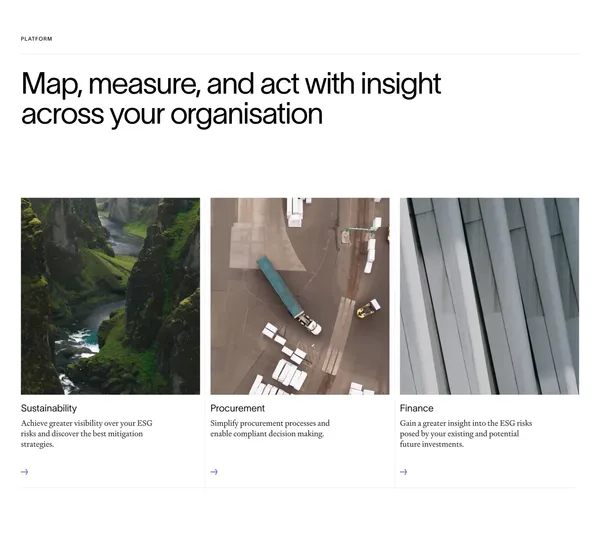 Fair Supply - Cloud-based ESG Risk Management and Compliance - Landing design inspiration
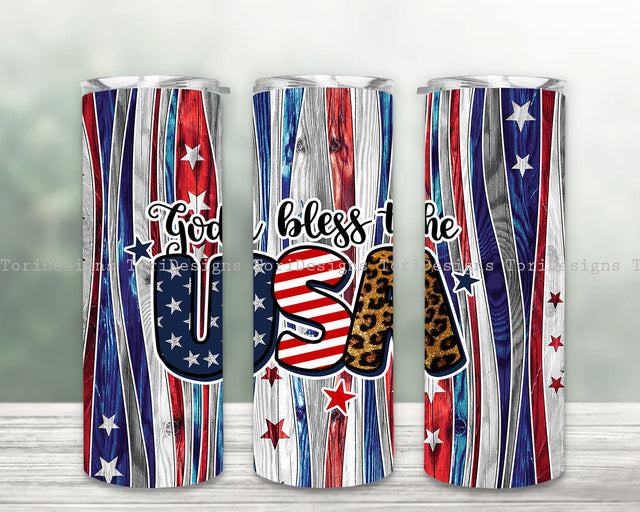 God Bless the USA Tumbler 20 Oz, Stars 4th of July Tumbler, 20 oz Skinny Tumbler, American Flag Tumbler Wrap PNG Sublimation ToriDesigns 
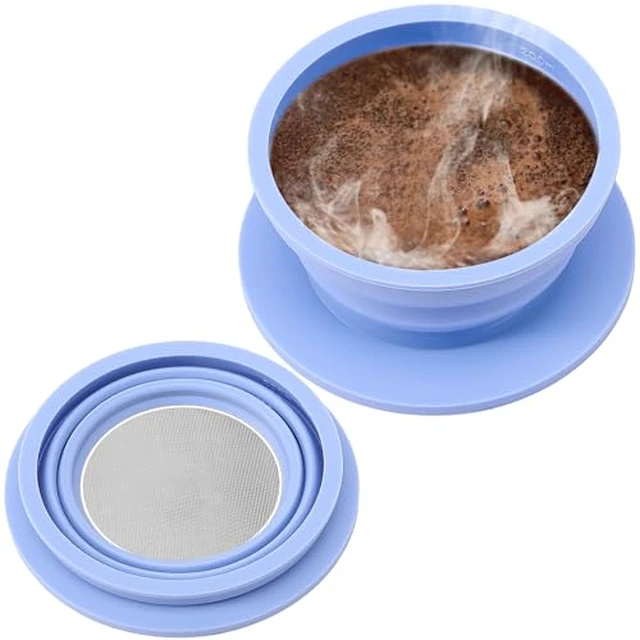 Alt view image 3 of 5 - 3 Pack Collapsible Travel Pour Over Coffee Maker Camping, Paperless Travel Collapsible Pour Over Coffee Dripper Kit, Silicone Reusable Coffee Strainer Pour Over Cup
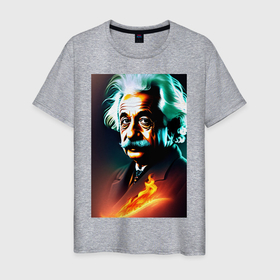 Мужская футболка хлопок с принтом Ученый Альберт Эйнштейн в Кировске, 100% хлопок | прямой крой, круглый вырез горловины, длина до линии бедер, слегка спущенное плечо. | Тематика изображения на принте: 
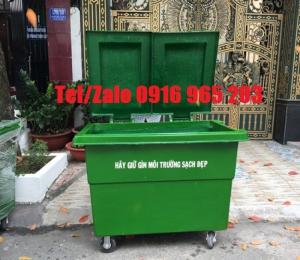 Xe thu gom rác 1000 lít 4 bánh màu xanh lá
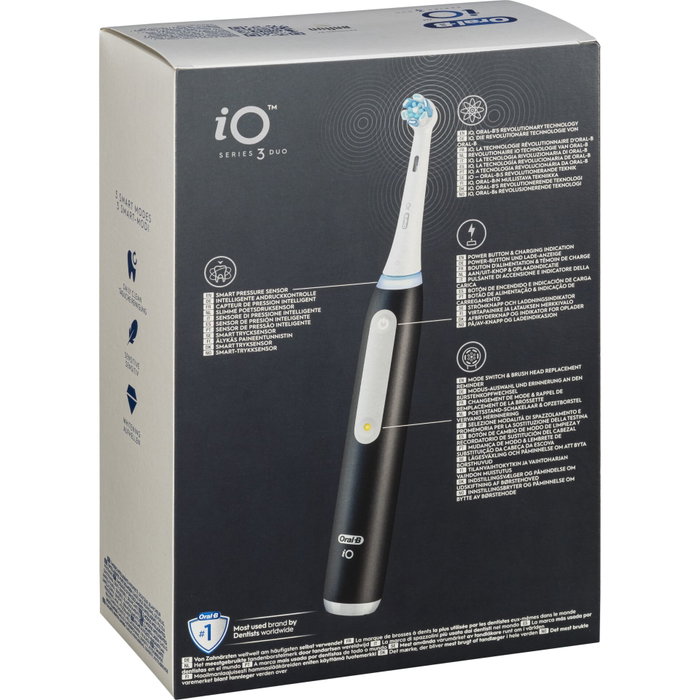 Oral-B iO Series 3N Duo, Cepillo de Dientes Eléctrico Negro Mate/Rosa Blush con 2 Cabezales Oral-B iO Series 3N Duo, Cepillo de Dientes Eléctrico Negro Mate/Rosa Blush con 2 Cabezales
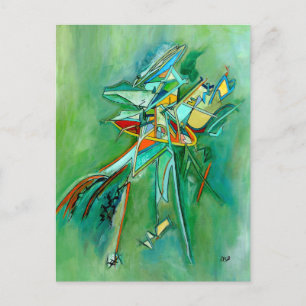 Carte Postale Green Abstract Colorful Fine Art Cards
____________________
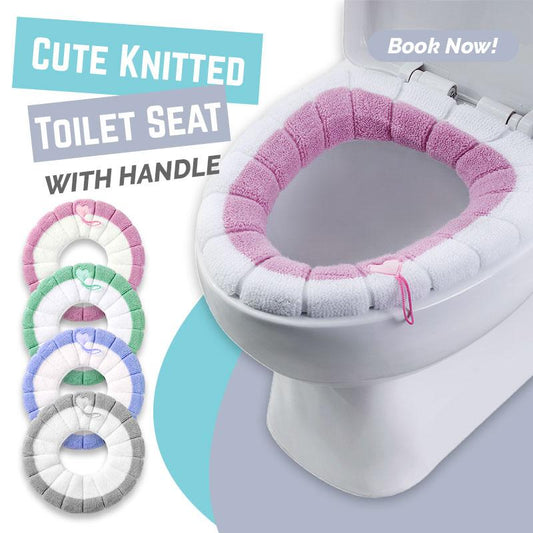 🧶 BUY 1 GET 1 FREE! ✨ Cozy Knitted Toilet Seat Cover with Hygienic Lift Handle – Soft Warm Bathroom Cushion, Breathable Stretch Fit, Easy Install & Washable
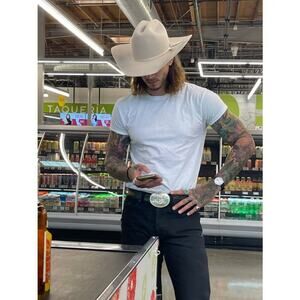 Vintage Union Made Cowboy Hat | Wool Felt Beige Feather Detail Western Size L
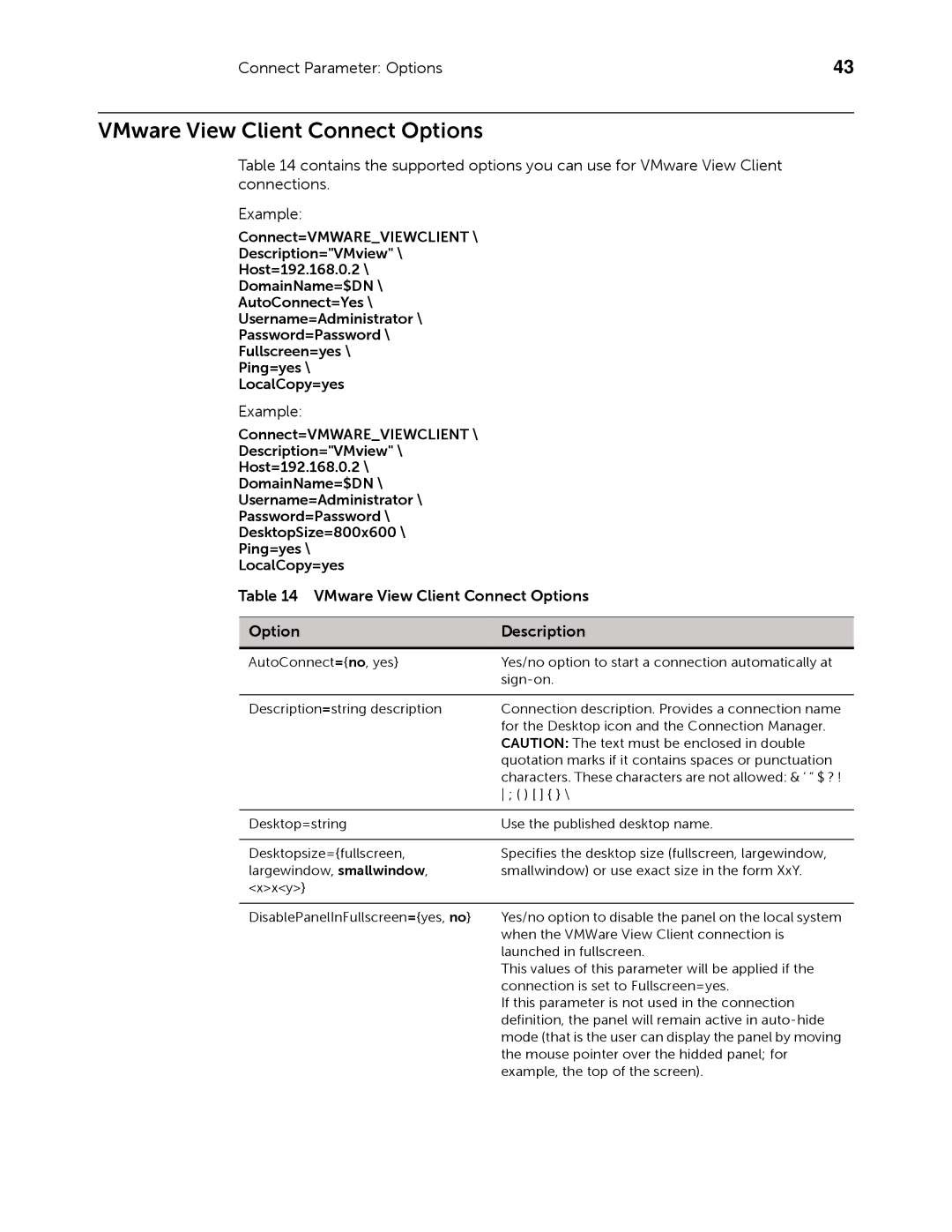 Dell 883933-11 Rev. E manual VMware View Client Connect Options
____________________
- [YOUR OBJECTIVE]:
Those lines of the records above that run from the one containing "Fair Supply - Cloud-based" through the one containing "Carte Postale Green" should be returned exactly, with no pictures among them.

- [RESPONSE TO THE TASK]:
 Fair Supply - Cloud-based ESG Risk Management and Compliance - Landing design inspiration
 God Bless the USA Tumbler 20 Oz, Stars 4th of July Tumbler, 20 oz Skinny Tumbler, American Flag Tumbler Wrap PNG Sublimation ToriDesigns 
 Alt view image 3 of 5 - 3 Pack Collapsible Travel Pour Over Coffee Maker Camping, Paperless Travel Collapsible Pour Over Coffee Dripper Kit, Silicone Reusable Coffee Strainer Pour Over Cup
 Мужская футболка хлопок с принтом Ученый Альберт Эйнштейн в Кировске, 100% хлопок | прямой крой, круглый вырез горловины, длина до линии бедер, слегка спущенное плечо. | Тематика изображения на принте: 
 Xe thu gom rác 1000 lít 4 bánh màu xanh lá
 Oral-B iO Series 3N Duo, Cepillo de Dientes Eléctrico Negro Mate/Rosa Blush con 2 Cabezales Oral-B iO Series 3N Duo, Cepillo de Dientes Eléctrico Negro Mate/Rosa Blush con 2 Cabezales
 Carte Postale Green Abstract Colorful Fine Art Cards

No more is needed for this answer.